**Assignment**
All that is wanted is the exact text of the lines below from the one with "Truyện Tranh Tsubasa" through the one with "Чехол из алюминиевого", inclusive, minus any pictures.

[Available data — start]

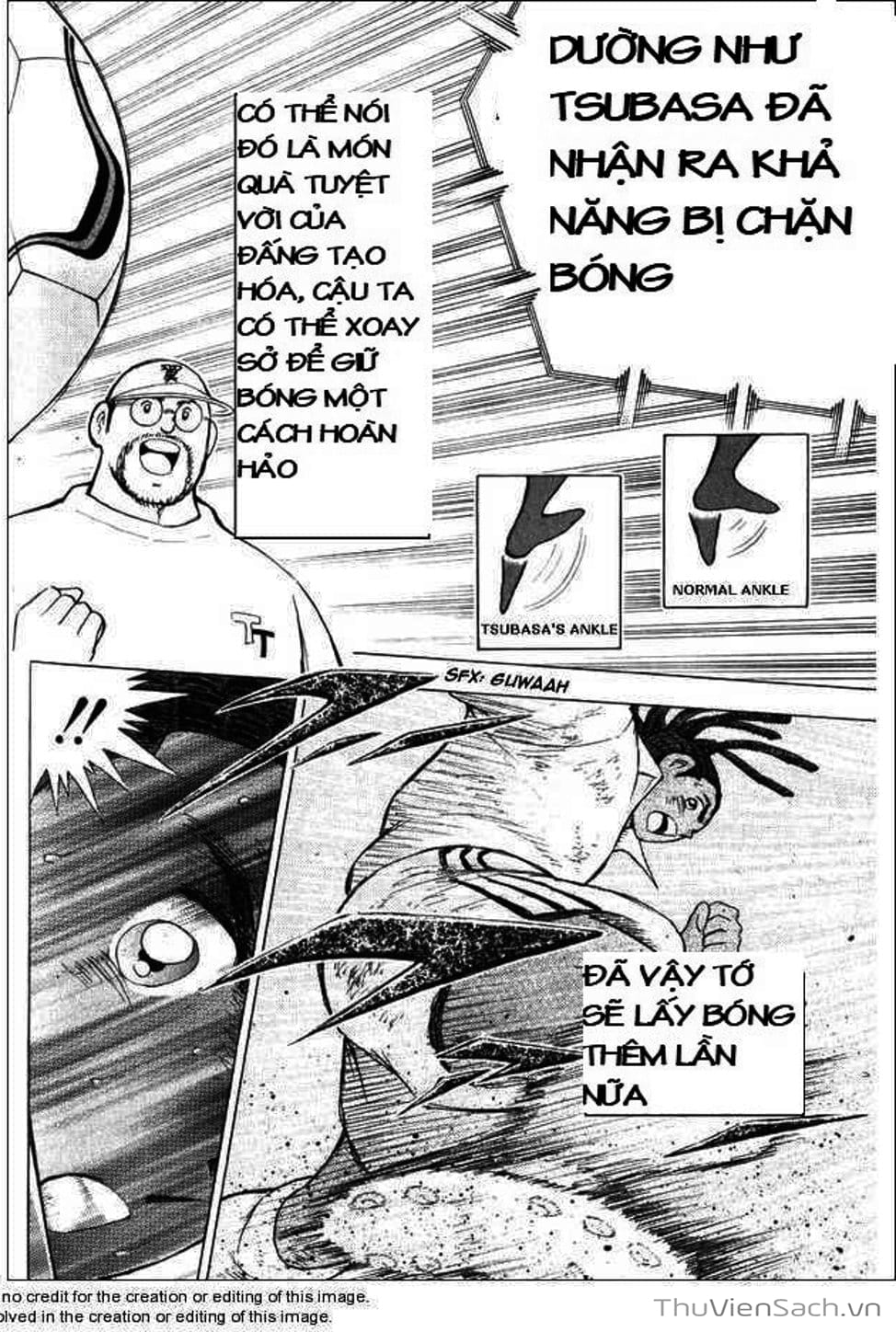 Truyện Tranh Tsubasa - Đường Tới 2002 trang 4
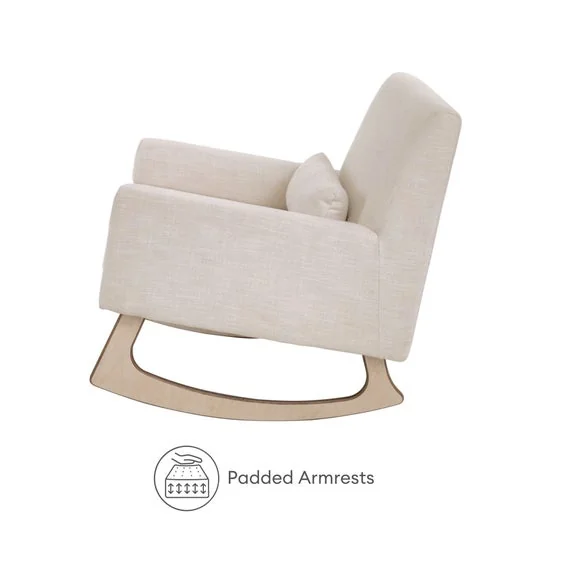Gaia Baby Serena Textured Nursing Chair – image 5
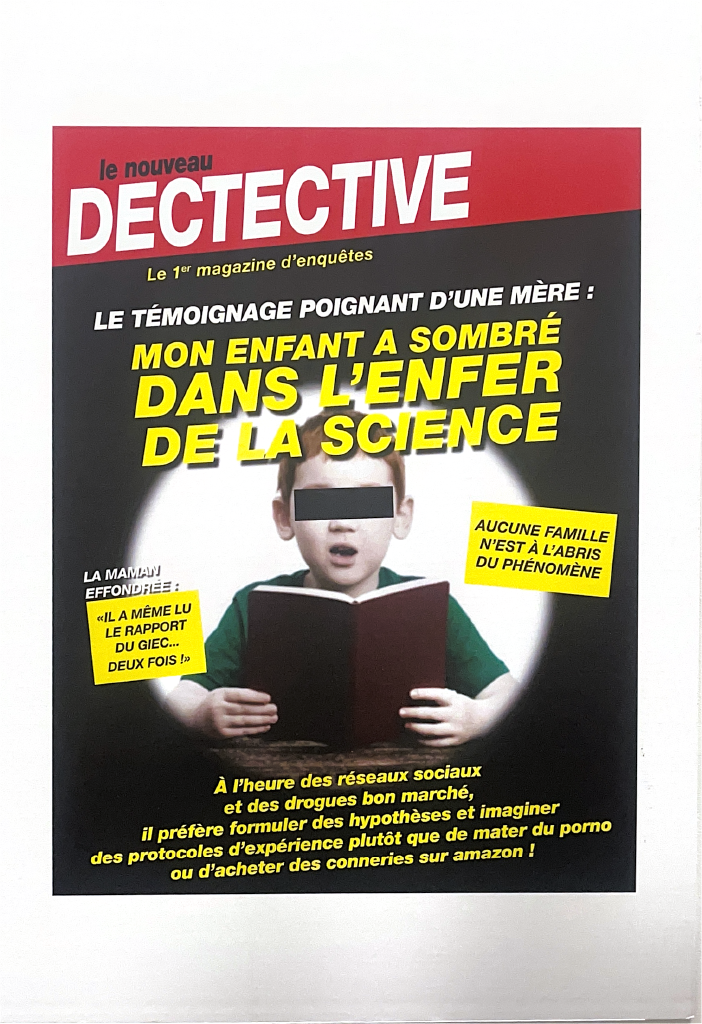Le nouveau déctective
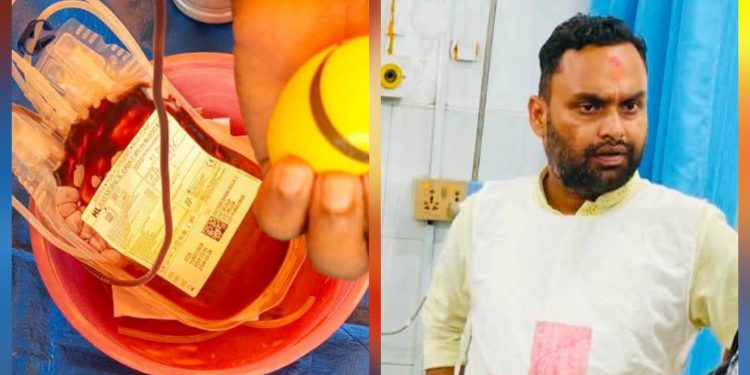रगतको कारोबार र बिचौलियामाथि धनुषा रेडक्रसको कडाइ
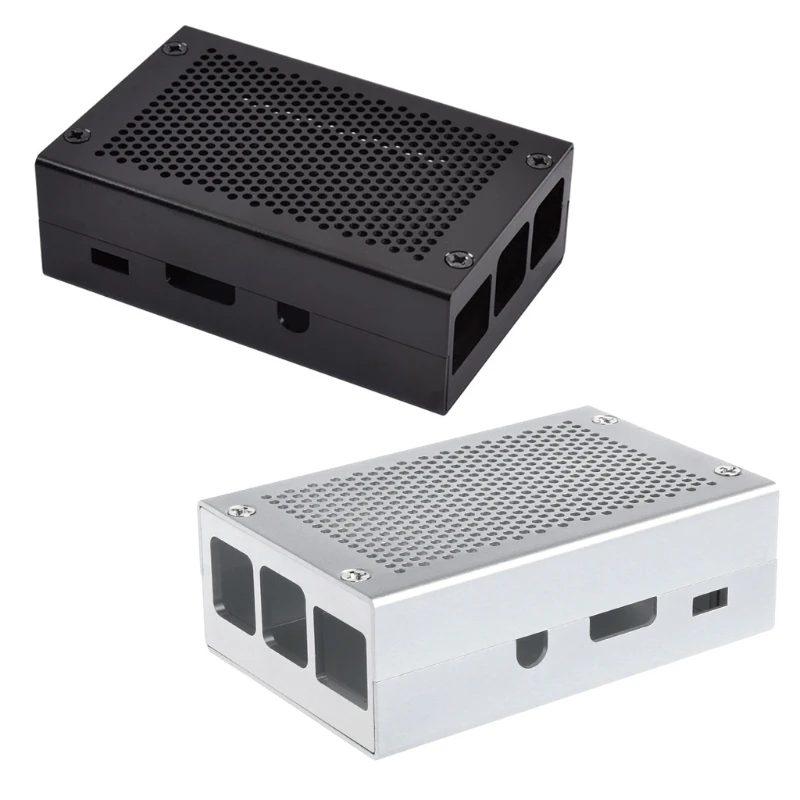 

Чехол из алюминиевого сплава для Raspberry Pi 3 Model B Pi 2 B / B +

[Available data — finish]
[Available data — start]

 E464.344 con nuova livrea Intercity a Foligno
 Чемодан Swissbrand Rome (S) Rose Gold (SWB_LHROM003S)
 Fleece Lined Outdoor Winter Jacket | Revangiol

[Available data — finish]
[Available data — start]

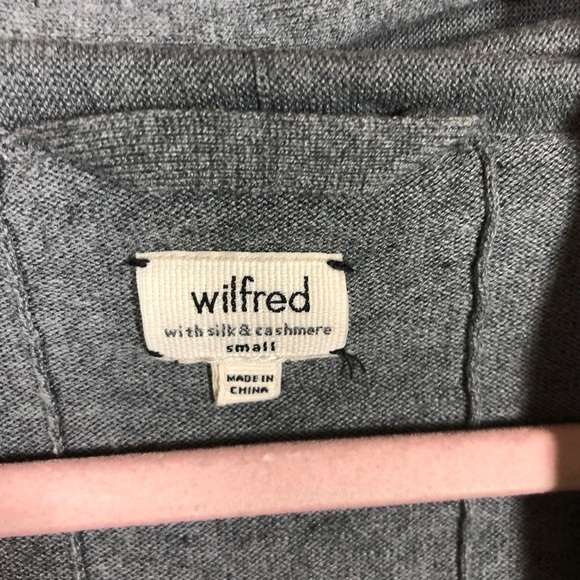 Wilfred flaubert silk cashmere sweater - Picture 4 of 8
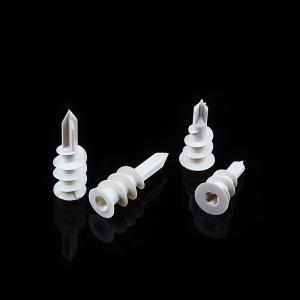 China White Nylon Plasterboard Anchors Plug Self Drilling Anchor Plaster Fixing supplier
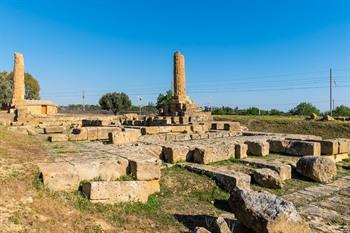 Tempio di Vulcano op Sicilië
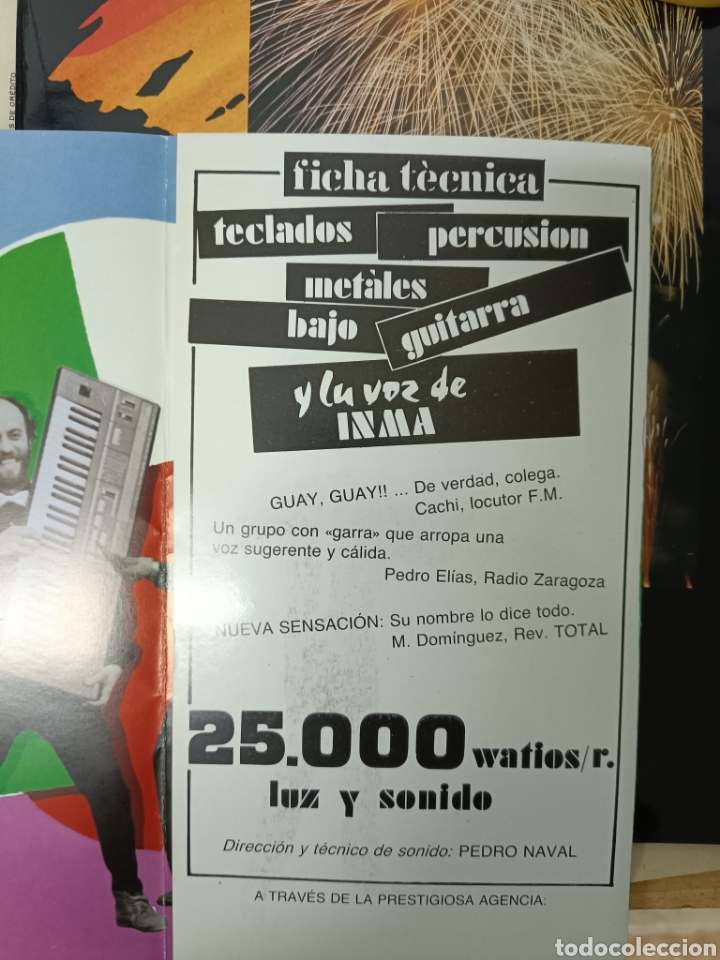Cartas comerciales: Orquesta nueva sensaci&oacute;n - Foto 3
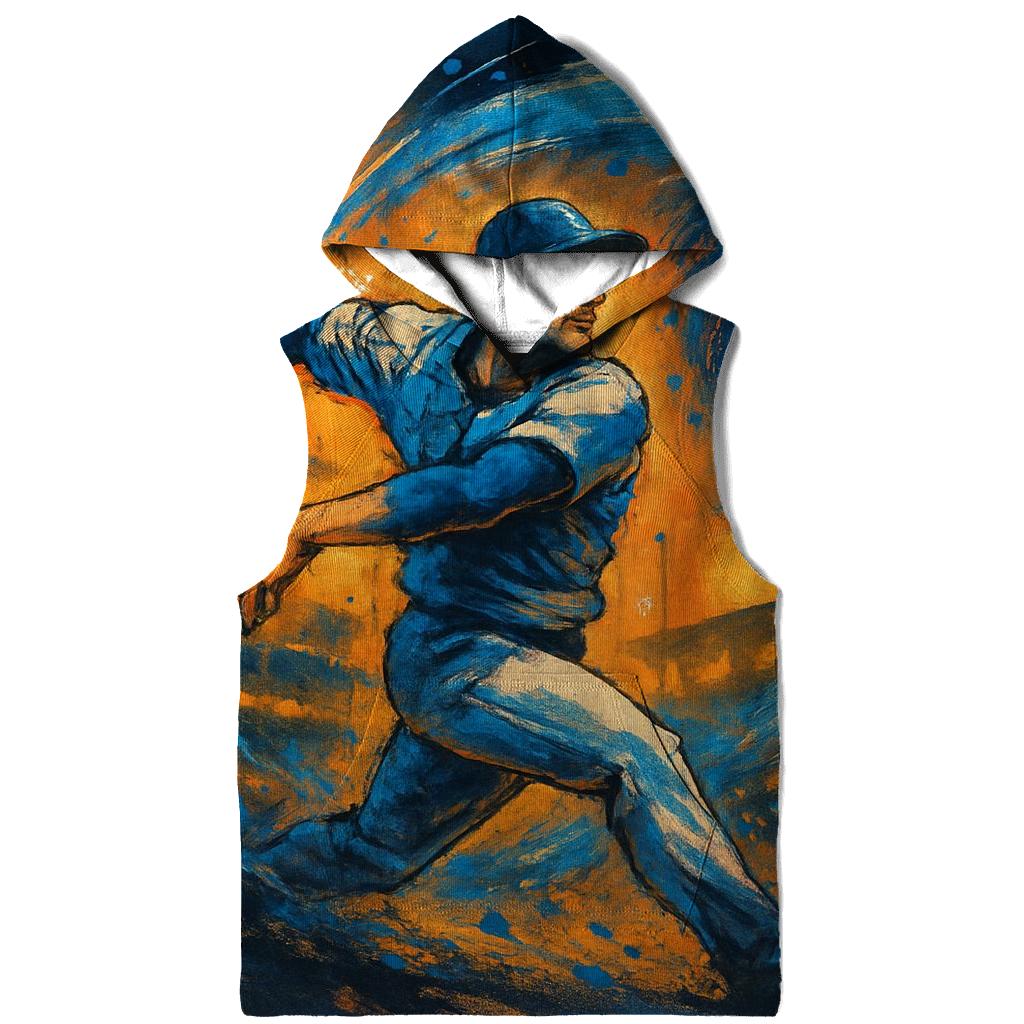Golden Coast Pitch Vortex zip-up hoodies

[Available data — finish]

**Response area**
 Truyện Tranh Tsubasa - Đường Tới 2002 trang 4
Gaia Baby Serena Textured Nursing Chair – image 5
Le nouveau déctective
रगतको कारोबार र बिचौलियामाथि धनुषा रेडक्रसको कडाइ

Чехол из алюминиевого сплава для Raspberry Pi 3 Model B Pi 2 B / B +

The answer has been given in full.